# Modelling the DEZEMBER Alternation

In this notebook, the DEZEMBER alternation is modelled as described in the doctoral thesis. Refer to the relevant chapter to understand modelling choices.

Note that in this notebook, the variable for the logarithmised distance is called PREVIOUS_DISTANCE_LOG, whereas it is simply called PREVIOUS_DISTANCE in the doctoral thesis. Despite lacking the specifier "_LOG" in the thesis, the variables in the formulae always refer to the logarithmised version of the distance measure.

## Preparations

### Importing Relevant Libraries

In [None]:
library(lme4)
library(glue)
library(performance)
library(broom)
library(scales)
library(sjPlot)
library(ggplot2)
library(dplyr)
library(stargazer)
library(broom.mixed)

### Loading and Preprocessing Data

In [None]:
data <- read.csv("DEZEMBER_for_modelling.csv")

Treatment coding of response variable: "dezember" = 0, "zwölf" = 1.

In [None]:
data$CURRENT <- as.factor(data$CURRENT)
cat("R models this level:", tail(levels(data$CURRENT), 1))

Renaming speakers for consistency with the rest of the thesis.

In [None]:
data <- data %>% mutate(PREVIOUS_SPEAKER = recode(PREVIOUS_SPEAKER, "A" = "VA", "S" = "HS"))

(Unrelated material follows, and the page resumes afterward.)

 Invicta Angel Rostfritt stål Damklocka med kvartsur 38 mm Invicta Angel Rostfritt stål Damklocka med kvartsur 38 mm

Combining the variables PREVIOUS and PREVIOUS_SPEAKER, as modelling an interaction of these two independent variables leads to an issue of singularity.

In [None]:
data$PREVIOUS_SPEAKER_COMBINED <- interaction(data$PREVIOUS, data$PREVIOUS_SPEAKER) #R automatically creates a factor
cat("Levels are:", levels(data$PREVIOUS_SPEAKER_COMBINED))

`interaction()` also creates combinations which never appear. 

In [None]:
#discarding empty levels
data$PREVIOUS_SPEAKER_COMBINED <- droplevels(data$PREVIOUS_SPEAKER_COMBINED)

#before renaming (see above) "dezember.A" was the reference level as it is first in alphabetical order, 
#to preserve this even after renaming, the factor is relevelled 
data$PREVIOUS_SPEAKER_COMBINED <- relevel(data$PREVIOUS_SPEAKER_COMBINED, ref = "dezember.VA")
cat("The reference level of PREVIOUS_SPEAKER_COMBINED is:", head(levels(data$PREVIOUS_SPEAKER_COMBINED), 1)) 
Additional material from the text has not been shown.